Tench Coxe, Alexander Hamilton's Treasury Department Assistant Secretary, was a vocal
advocate of internal improvements in the 1790's and pushed for federal funding of roads and
canals; they were, he believed, crucial to the commercial development of the "Western Country."
While the lawmakers debated back and forth over proposals like Coxe's, statesmen such as
Washington, Hamilton, Madison and Jefferson all invested in lands that might be developed.
Jefferson's Treasury Secretary Albert Gallatin released the Report of the Secretary of the
Treasury on the Subject of Roads and Canals in 1808. This report, a "blueprint for a
national system of internal improvements," suggested four great canals heading west from Cape
Cod, New Jersey, Chesapeake Bay, and Virginia; these canals would connect by roads over the
mountains with the great interior rivers. Gallatin suggested that this project, funded by the federal
government, would cost twenty million dollars and take ten years. In fact, it took nearly fifty
years and many of the proposed canals became railroads, financed privately or with state funds.
By 1816, a nationalistic fervor was upon much of the country. In Congress, John C. Calhoun
proposed his famous Bonus Bill which would use the bonus and dividends paid to the national
government by the Second Band of the United States as a fund for internal improvements to be
allocated to the states. "We are greatly and rapidly--[I] was about to say fearfully--growing.
This...is our pride and danger, our weakness and strength...Let us then bind the Republic together
with a perfect system of roads and canals. Let us conquer space," Calhoun pleaded. While the
bill passed the House and Senate vote, James Madison vetoed the proposal, arguing that the
power of national legislature to provide for roads and canals was "not expressly given by the
Constitution." Incensed supporters of internal improvements pointed to the vast land tracts and
the certainty that only with adequate transportation lines could the nation "be cemented and
preserved in a lasting bond of union." Henry Clay, an outspoken supporter of the Bonus Bill,
wondered tellingly whether settlers of the Mississippi Valley would lose their "moral" attachment
to the Union unless the "General Government" took action by connecting them.

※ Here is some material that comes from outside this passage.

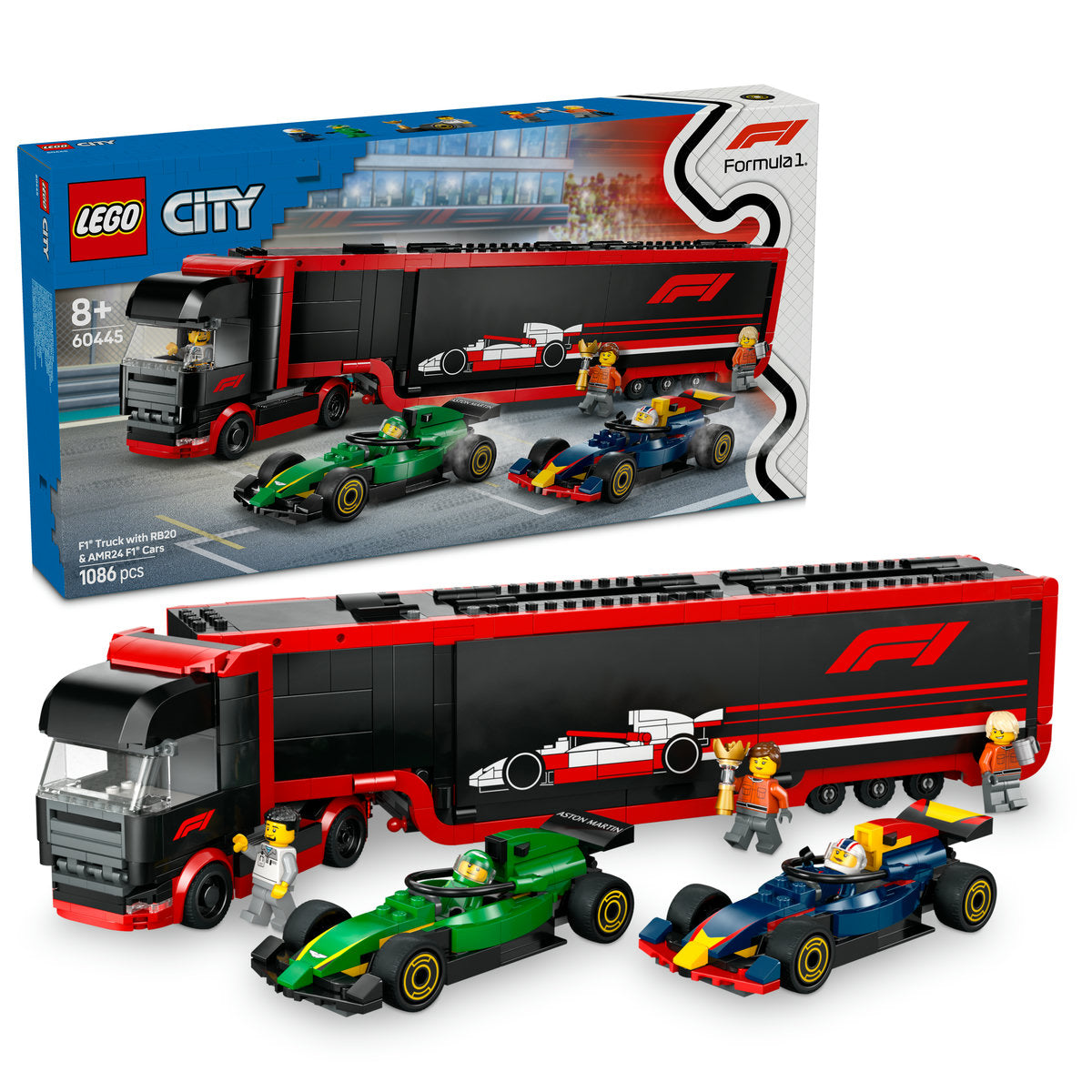 CAMION F1 CU MASINILE F1 RB20 SI AMR24 - LEGO CITY (60445)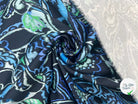 SATIN DE COTON STRETCH FLEURS D'ORIENT AQUAMARINA MSO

Madison held, setting a precedent for national spending. While it was acknowledged that a
majority of the country's lawmakers favored nationally funded improvements, direct assistance
remained hard to come by. The Erie Canal, begun in 1817, went forward with state and private
support; canals that followed relied on their states for support. Responsibility, as one Delaware
editor observed, had been thrown "back upon the people, and the respective states. If Uncle
Sam cannot help us, we must help ourselves."